Caption: Fig. 128. Ramariopsis avellaneo-inversa. TENN no. 43504.

Caption: Fig. 140. Ramariopsis avellaneo-inversa x7800. TENN no. 43504.
 

Article: Petersen, R.H. (1988). The clavarioid fungi of New Zealand. New Zealand Department of Scientific and Industrial Research, Bulletin 236: 170 pp. Wellington:.
Description: Fruit bodies up to 35 x 20 mm, branched from the base, up to 3 mm thick at the thickest place (and therefore considered somewhat more fleshy than most taxa in the complex). Stipe up to 4.2 mm long, terete, branched almost from the base, off-white where protected, pale dull grey upward ("tilleul buff"); branches dichotomous, in 1-2 ranks, terete, "avellaneous", thickest below ultimate dichotomy; axils lunate; internodes diminishing gradually. Apices concolourous with branches, awl-shaped. Odour and taste negligible.
Macrochemical reaction: FCL = quickly black, with very little green phase.

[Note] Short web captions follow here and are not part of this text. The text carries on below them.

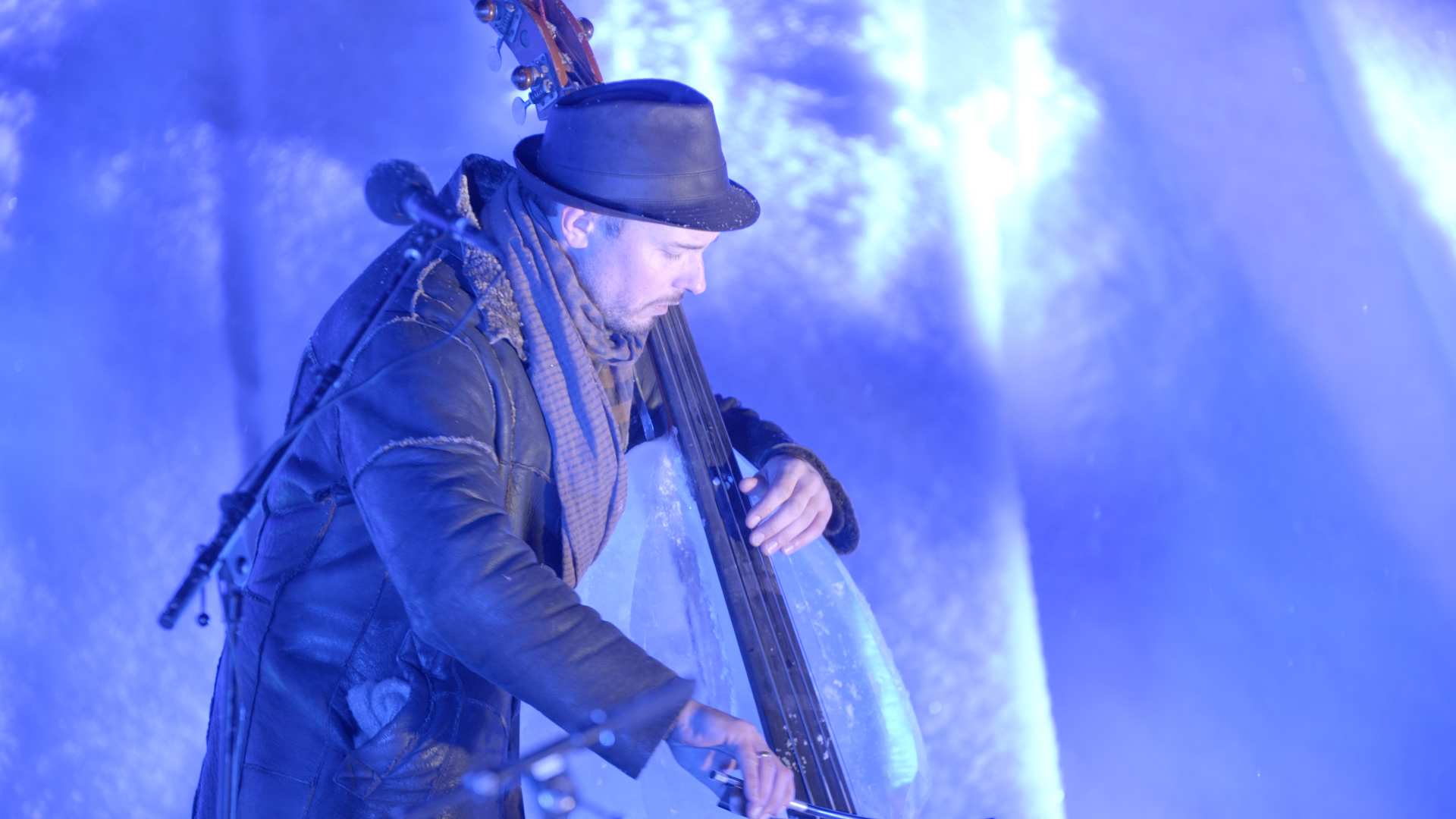 Freezing fingers play melting instruments at Norway's Ice Music Festival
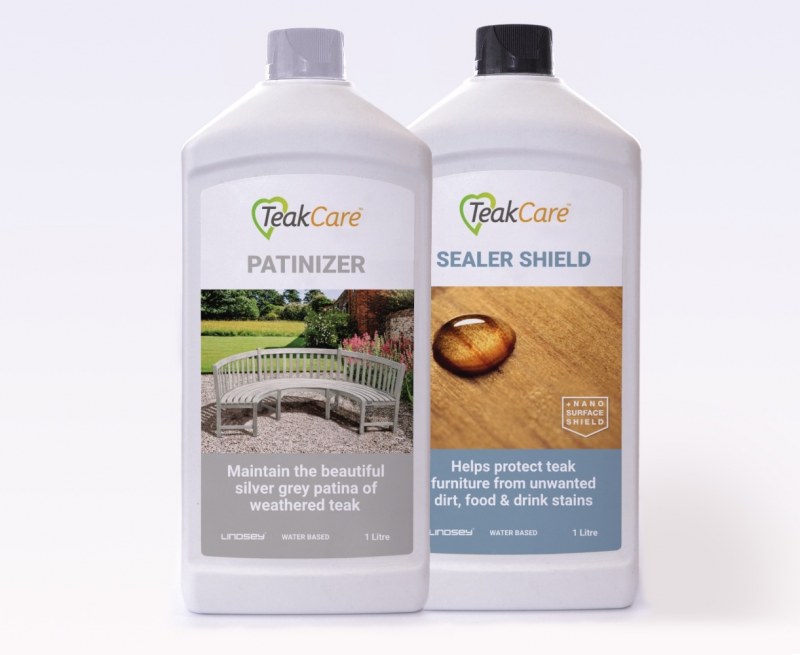 Teak Care Set - Patinizer and Sealer Shield Teak Care Set - Patinizer and Sealer Shield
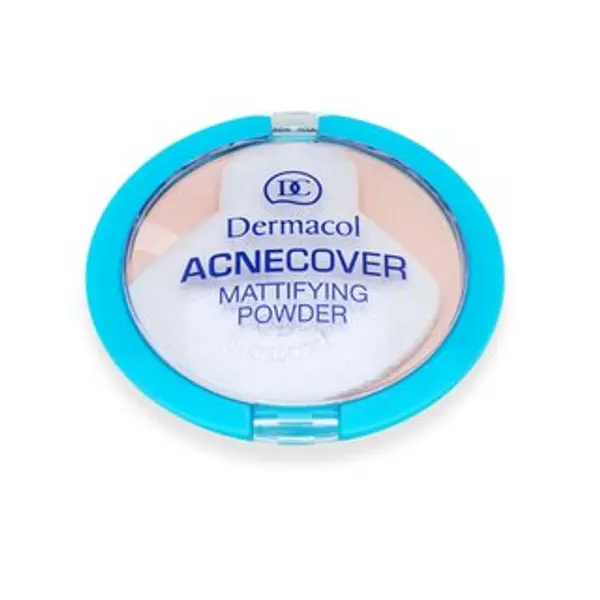 Dermacol Dermacol ACNEcover Mattifying Powder puder za problematičnu kožu No.01 Porcelain 11 g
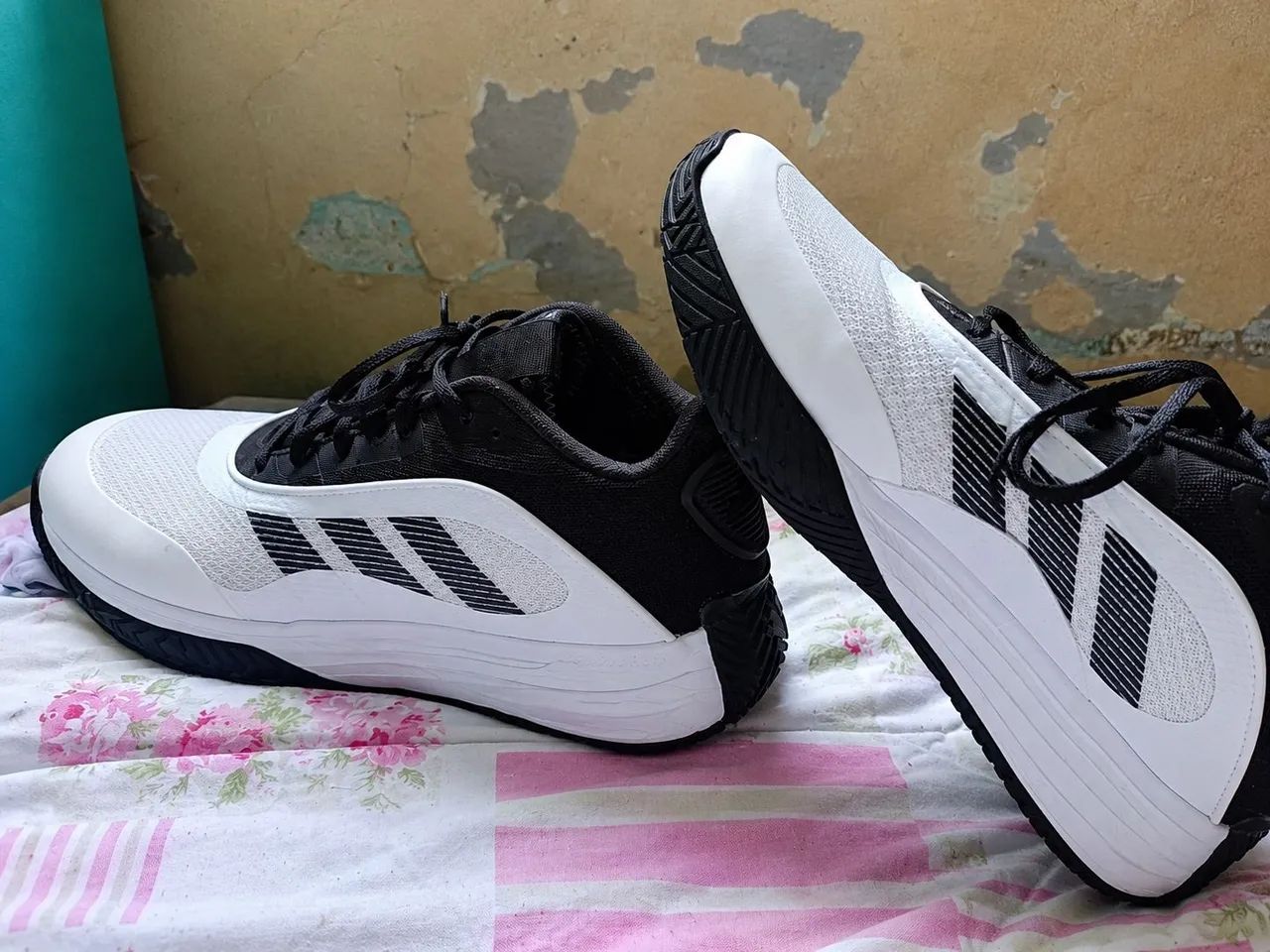 Adidas own the game 3.0 (branco e preto)  - Foto 3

Tramal hyphae of branches 2.5-8 µm diam., hyaline, clamped, strictly parallel, tightly packed, adherent, of relatively short cells. Subhymenium extensive, of crushed tortuous, uninflated hyphae. Hymenium thickening significantly; basidia 20-25 x 4-5 µm, cylindrical, clamped; contents minutely multiguttulate when mature; sterigmata 4, spindly, slender, erect. Spores (Figs 128,140) 4-5 x 2.9-3.6 µm (E =1.22-1.56; Em =1.38; Lm = 4.36 µm), ovate to ellipsoid, thin-walled, hyaline, roughened; contents homogeneous to uniguttulate; hilar appendix papillate; ornamentation of thickly scattered spines and prickles of variable length.
Habitat: On tree fern debris on clay bank.
Notes: COMMENTARY: The distinguishing characters of Ramariopsis avellaneo-inversa are (i) colour pattern of fruit body is the reverse of that of R. avellanea; (ii) conspicuously roughened spores; (iii) ellipsoid spores; and (iv) dramatic colour change in FCL. All but (iii) are different from those of R. avellanea, with which it would be mosr easily confused.